You’re about to embark on a change programme, you’ve spent weeks or months planning the changes behind the scenes and you’ve announced the changes to your people. You’ve got a communication plan with all of the announcements, the meetings and the emails scheduled and still your people don’t seem engaged with the changes or understand the reasons for them – what’s next?
Change can impact us in very different ways, and we can find it tough for a number of different reasons and it’s these reasons that mean leaders and HR need to stay visible and keep communicating during the process.
As our people process the changes and try and come to terms with these, they can start to feel quite lonely and vulnerable. Some people may be hoping they are the ones who will be made redundant as they’ve decided that they want to try a new career or a new venture; others will worry as perhaps their partner has recently been made redundant; some may have just bought a new house and maxed their income limit with their mortgage payments, perhaps their children have just started university, or they are saving for a wedding.
We can’t underestimate the personal, and often financial, worries that our people experience when change is announced, and nor should we.
Of course, we’ll talk about the reasons for the change and how the changes are best for the organisation, but as individuals we don’t always hear those messages in the way they are intended, or at the speed in which they are being communicated to us.
Sadly, I’ve seen many change programmes that are likely to result in redundancies being made, and where the leaders seem to vanish into thin air as soon as the changes are announced. Many leaders seem unable to look their people in the eye or have any kind of conversation with them unless it’s been fully scripted.

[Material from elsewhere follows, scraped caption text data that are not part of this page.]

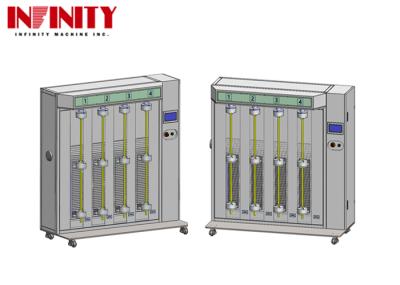 Robotic Cable Torsion Test Machine Flexible Cable Torsion Testing Machine CRIA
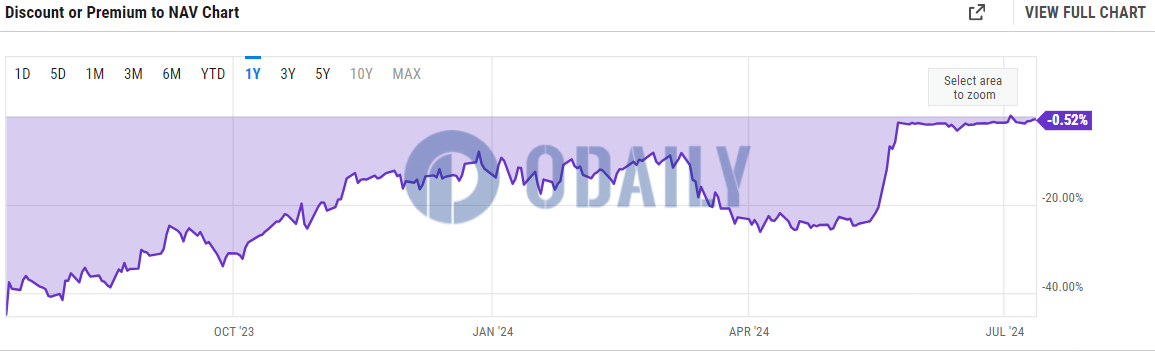 灰度以太坊信托（ETHE）负溢价率暂报0.52%
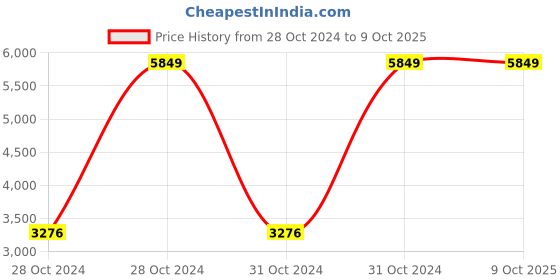 moglix.com Baltra BTN219 Induction Base Non-Stick Cookware Set (Pack of 3) baltra Price History Graph from 28 Oct 2024 to 8 Oct 2025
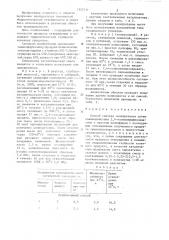 Способ синтеза полиуретанов (патент 1357411)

This may seem like a safe option for the leaders, both for their own energy levels and to stop them being hauled across the coals at a tribunal if they should say the wrong thing, but this doesn’t help the individuals who are being impacted by the change.
Furthermore, it doesn’t help when managers don’t get behind the changes either and they start to talk to their teams about the changes with sentences that begin with ‘You know I wouldn’t have made this choice, it’s the leaders who have told me to say this …’. This isn’t helpful at all, and if managers aren’t behind the message, then our people are never going to understand it and this is when it begins to feel much more personal for them. Because after all, if you haven’t engaged their manager in the changes, how do you know you don’t really need the people – ‘the ones who are doing the job’.
So please, don’t hide behind your change policy and your communications plan, find as many ways as possible to speak to your people. Meet them for coffee, hold change surgeries, or engagement workshops, attend their team meetings, invite them to come and speak with you, encourage their questions and provide the answers. If you don’t know what to say, or how to answer, be honest with them and tell them that, but reassure them that you will come back to them when you have the answer, and make sure you do it.
Change doesn’t have to be hard, but leaders and HR have to be visible during and after the changes. We owe it to our people.